Pulumi today revealed it is now making available in preview a set of artificial intelligence (AI) agents to its namesake infrastructure-as-code (IaC) platform that are capable of diagnosing issues and autonomously completing tasks when permitted.
Company CEO Joe Duffy said Pulumi Neo adds a set of AI agents specifically trained to automate the management of IT infrastructure using data collected by Pulumi. In effect, Pulumi Neo adds a member to the DevOps team that understands dependencies, executes changes, monitors outcomes, and maintains compliance throughout the entire infrastructure lifecycle, he added.
Neo is designed to enable DevOps teams to launch short- or long-running tasks with approvals and interactive guidance provided in a way that adheres to the policies enforced by the Pulumi platform, said Duffy. It also provides a complete history of which tasks were automated to enable organizations to meet compliance requirements, he noted. In effect, Neo becomes a digital member of the platform engineering team, added Duffy.
Each DevOps team will need to decide for themselves to what degree to rely on AI agents to automate tasks. In the case of Neo, for example, DevOps teams can use it to simply generate optimization suggestions or alternatively autonomously perform tasks based on permissions that have been assigned.
Additionally, Neo will also analyze the underlying IT platforms being used to run certain classes of workloads, which may lead to it recommending, for example, that certain cloud-native application be migrated from Kubernetes to a simpler environment such as the Elastic Container Service (ECS) from Amazon Web Services (AWS).
Finally, Neo has also been included in the Model Context Protocol (MCP) server developed by Pulumi, which means AI coding tools can invoke it as well to create agentic AI workflows that conform to a set of best DevOps teams.
It’s not clear how rapidly DevOps teams are embracing AI agents to automate tasks, but as they do the overall level of toil encountered should continue to be reduced.

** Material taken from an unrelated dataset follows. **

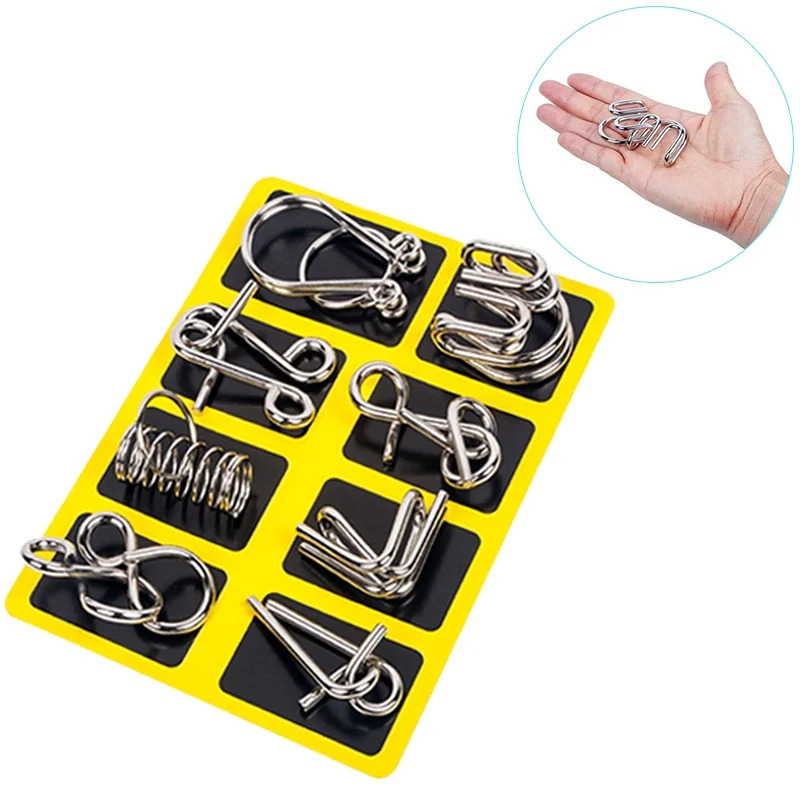 AliExpress 8 Pcs Metal Wire Puzzle Set, Brain Teaser IQ Logic Games for Adults, Challenging Montessori Mind Puzzles for Focus & Skill Train, view 2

Early adopters of Neo such as Werner Enterprises are, for example, reporting they reduced infrastructure provisioning time from three days to four hours while both maintaining SOC 2 compliance and enabling development teams to ship features 75 percent faster.

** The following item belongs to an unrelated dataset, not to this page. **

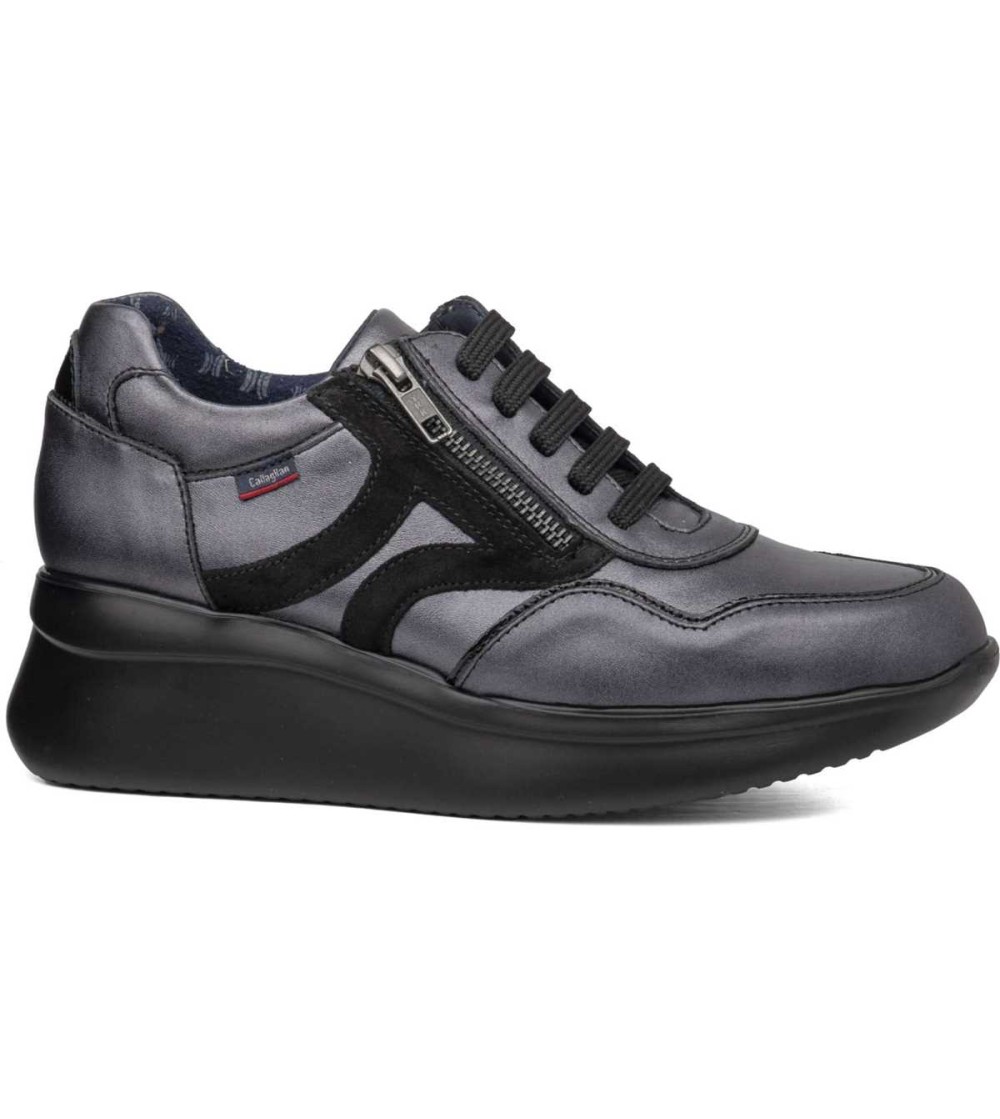 Callaghan Sneakers Zeppa Alta Vaschetta Zip Acero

Hopefully, as AI agents become more pervasively employed the number of misconfigurations leading to cloud security incidents will decline. While application developers routinely use IaC tools to provision cloud platforms, they don’t always have the greatest appreciation for best DevSecOps practices, which can lead to ports through which data can be exfiltrated being left wide open.
Of course, it might be a while yet before DevOps engineers are completely comfortable with AI agents but given the volume of workloads that will need to be deployed in the AI era the need for those agents is already apparent. The issue, as always, is making sure that whatever winds up being automated can also be undone should, for whatever reason, the AI output being provided winds up being worse than the proverbial disease it was meant to cure.